**BRIEF:** Set down exactly, with nothing added, the lines from the one containing "Shoes - Picture 3 of 12" through the end of the entries.

**AVAILABLE DATA:**

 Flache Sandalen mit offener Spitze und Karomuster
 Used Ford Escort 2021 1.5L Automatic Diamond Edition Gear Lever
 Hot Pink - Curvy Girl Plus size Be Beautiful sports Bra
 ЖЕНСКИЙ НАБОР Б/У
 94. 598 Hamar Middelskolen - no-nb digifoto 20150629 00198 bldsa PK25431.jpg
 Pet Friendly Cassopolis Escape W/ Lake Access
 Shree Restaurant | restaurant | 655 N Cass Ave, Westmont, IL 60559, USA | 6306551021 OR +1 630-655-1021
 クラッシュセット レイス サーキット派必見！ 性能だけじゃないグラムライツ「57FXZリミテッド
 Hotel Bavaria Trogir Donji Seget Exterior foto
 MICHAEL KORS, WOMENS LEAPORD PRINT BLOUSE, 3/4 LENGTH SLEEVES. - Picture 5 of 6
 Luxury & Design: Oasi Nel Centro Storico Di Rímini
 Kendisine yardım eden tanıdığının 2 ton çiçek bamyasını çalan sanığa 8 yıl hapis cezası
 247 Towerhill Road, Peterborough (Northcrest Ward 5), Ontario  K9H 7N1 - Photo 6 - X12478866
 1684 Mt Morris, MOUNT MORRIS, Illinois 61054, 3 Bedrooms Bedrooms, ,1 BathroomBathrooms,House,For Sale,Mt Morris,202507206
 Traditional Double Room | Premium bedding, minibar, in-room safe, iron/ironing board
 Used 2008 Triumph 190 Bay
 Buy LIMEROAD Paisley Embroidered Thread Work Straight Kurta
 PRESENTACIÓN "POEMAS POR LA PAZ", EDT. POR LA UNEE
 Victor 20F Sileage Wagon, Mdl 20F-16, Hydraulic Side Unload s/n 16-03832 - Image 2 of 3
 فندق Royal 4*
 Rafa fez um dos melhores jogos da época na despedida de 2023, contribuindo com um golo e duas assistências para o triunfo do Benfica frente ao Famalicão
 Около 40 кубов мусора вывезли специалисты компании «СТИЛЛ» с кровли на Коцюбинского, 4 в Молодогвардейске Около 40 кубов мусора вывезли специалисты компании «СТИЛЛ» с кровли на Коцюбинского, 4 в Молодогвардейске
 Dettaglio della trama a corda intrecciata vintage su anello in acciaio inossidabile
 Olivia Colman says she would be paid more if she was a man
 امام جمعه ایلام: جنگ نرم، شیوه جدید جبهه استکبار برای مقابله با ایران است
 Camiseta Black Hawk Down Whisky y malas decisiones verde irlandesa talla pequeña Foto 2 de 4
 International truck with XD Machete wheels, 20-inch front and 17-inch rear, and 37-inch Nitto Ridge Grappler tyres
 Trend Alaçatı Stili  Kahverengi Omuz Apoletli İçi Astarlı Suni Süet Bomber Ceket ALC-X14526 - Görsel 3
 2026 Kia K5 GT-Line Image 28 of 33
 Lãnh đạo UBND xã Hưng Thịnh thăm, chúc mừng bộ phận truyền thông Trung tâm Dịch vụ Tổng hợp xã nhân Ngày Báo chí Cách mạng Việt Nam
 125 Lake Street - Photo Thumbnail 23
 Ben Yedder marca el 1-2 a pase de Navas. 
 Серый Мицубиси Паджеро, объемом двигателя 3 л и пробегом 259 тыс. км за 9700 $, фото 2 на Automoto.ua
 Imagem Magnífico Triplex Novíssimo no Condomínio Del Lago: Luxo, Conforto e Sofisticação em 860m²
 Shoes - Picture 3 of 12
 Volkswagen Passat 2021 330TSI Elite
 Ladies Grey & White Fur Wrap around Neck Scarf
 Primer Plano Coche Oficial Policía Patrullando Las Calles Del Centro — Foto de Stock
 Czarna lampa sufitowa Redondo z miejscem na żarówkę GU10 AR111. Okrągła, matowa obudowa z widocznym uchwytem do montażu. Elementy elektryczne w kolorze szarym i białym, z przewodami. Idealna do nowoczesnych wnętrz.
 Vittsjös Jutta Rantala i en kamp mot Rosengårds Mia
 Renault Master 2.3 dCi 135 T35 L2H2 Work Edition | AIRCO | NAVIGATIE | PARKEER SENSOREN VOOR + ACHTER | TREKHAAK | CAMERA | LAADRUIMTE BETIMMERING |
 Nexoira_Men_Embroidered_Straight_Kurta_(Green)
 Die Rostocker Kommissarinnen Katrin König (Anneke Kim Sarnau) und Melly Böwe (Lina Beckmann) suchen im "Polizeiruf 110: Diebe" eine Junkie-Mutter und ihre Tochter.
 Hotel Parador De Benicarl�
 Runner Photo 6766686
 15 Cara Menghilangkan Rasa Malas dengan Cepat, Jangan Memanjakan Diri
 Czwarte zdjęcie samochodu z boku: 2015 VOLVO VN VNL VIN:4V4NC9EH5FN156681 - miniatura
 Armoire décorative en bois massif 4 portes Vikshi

**ANSWER FOR THE TASK:**
 Shoes - Picture 3 of 12
 Volkswagen Passat 2021 330TSI Elite
 Ladies Grey & White Fur Wrap around Neck Scarf
 Primer Plano Coche Oficial Policía Patrullando Las Calles Del Centro — Foto de Stock
 Czarna lampa sufitowa Redondo z miejscem na żarówkę GU10 AR111. Okrągła, matowa obudowa z widocznym uchwytem do montażu. Elementy elektryczne w kolorze szarym i białym, z przewodami. Idealna do nowoczesnych wnętrz.
 Vittsjös Jutta Rantala i en kamp mot Rosengårds Mia
 Renault Master 2.3 dCi 135 T35 L2H2 Work Edition | AIRCO | NAVIGATIE | PARKEER SENSOREN VOOR + ACHTER | TREKHAAK | CAMERA | LAADRUIMTE BETIMMERING |
 Nexoira_Men_Embroidered_Straight_Kurta_(Green)
 Die Rostocker Kommissarinnen Katrin König (Anneke Kim Sarnau) und Melly Böwe (Lina Beckmann) suchen im "Polizeiruf 110: Diebe" eine Junkie-Mutter und ihre Tochter.
 Hotel Parador De Benicarl�
 Runner Photo 6766686
 15 Cara Menghilangkan Rasa Malas dengan Cepat, Jangan Memanjakan Diri
 Czwarte zdjęcie samochodu z boku: 2015 VOLVO VN VNL VIN:4V4NC9EH5FN156681 - miniatura
 Armoire décorative en bois massif 4 portes Vikshi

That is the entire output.